Concerns also arose regarding thyroid exposure, breast tissue exposure, exposure to pregnant women, and children. However, new research has evaluated the absorbed dose in these organs and individuals and found lead shielding provides very little, if any, level of protection. Further, we have advanced technology that reduces radiation exposure by 90%.
The American Academy of Oral and Maxillofacial Radiology published a paper in the Journal of the American Dental Association recommending against lead shielding for all dental radiographs. The paper has recommended that “Federal, state, and local dental regulations and guidance should be revised to remove any actual or implied requirement for routine lead shielding for intraoral, panoramic, cephalometric, and CBCT imaging.”1
I’m certain a subset of dental professionals will want to err on the side of caution and claim lead shielding can’t hurt, but I would argue that it can indeed. Continuing to use lead shielding will propagate a fear-based mindset associated with dental radiographs. This mindset is ingrained in our society, and if we continue to feed this belief, we will be in a constant fight to acquire the radiographs we need to properly diagnose and treat our patients.

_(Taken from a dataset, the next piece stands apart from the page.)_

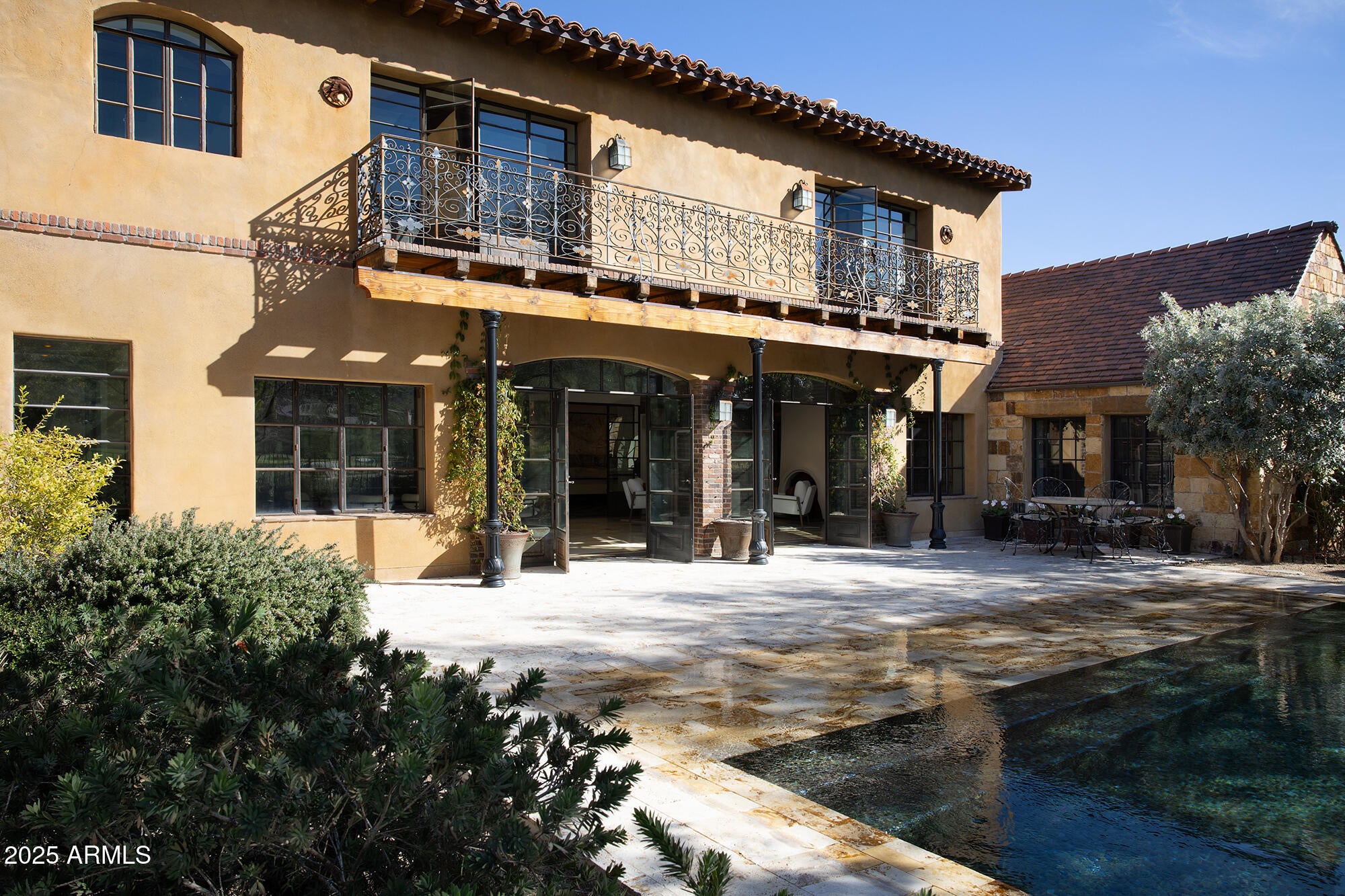 ESTANCIA - Residential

Therefore, I encourage all dental professionals to embrace the new recommendations and take the initiative to explain why lead shielding is no longer recommended or necessary for dental radiographs. If you live in a state that requires lead shielding, please continue to do so until regulations in your state change. However, be aware there may be changes made to your state’s dental practice act and/or health department requirements to reflect these newer recommendations in the future.
Dentistry has very few agreed-upon guidelines. However, when clear clinical practice guidelines are provided, we should adhere to these guidelines for multiple reasons. One reason is for the calibration of care for our patients while also providing the most up-to-date treatment protocols backed by evidence.
This change may be difficult for some dental professionals, but we can’t practice dentistry based on opinions. We need evidence. The evidence regarding lead shielding for dental radiographs is clear. Lead shielding does not provide any benefits to patients when acquiring dental radiographs.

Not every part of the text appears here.